## EXERCISE
The line containing "Alstroemeria Napoli mauve" and every line after it, through the end of the material: copy these exactly and nothing else, leaving pictures out.

## DATA SEGMENT
————————

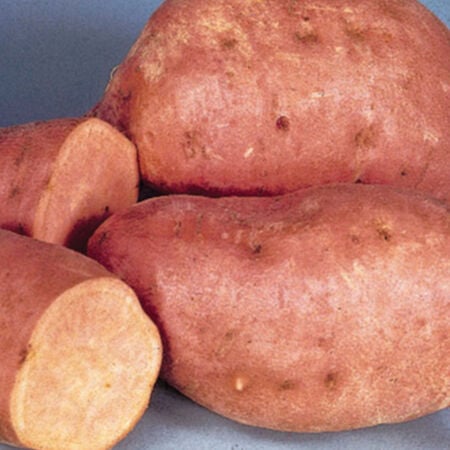 Centennial, Sweet Potato Slips - 25 Potato Slips image number null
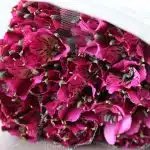 Alstroemeria Napoli mauve perfection - en vrac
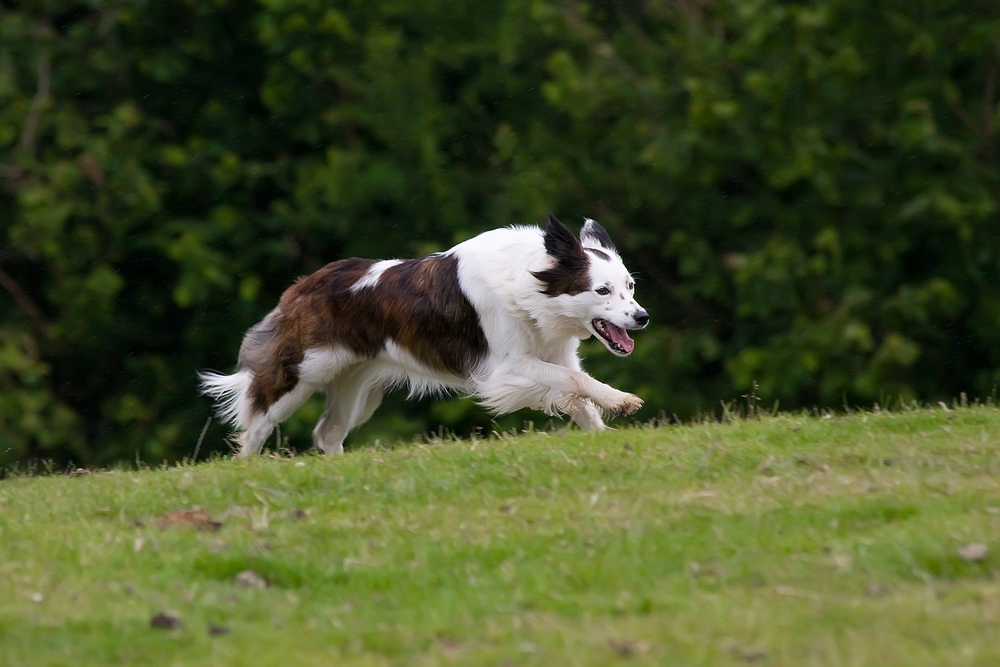 Border Collie beim Schafetreiben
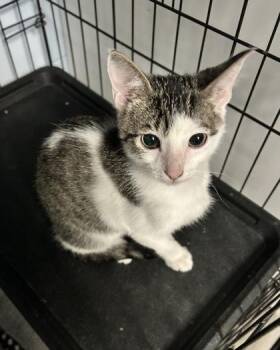 Nimbus -  Domestic Short Hair Cat for Adoption in Palm Coast, Florida - Nimbus | PetCurious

————————

## ANSWER SPACE
 Alstroemeria Napoli mauve perfection - en vrac
 Border Collie beim Schafetreiben
 Nimbus -  Domestic Short Hair Cat for Adoption in Palm Coast, Florida - Nimbus | PetCurious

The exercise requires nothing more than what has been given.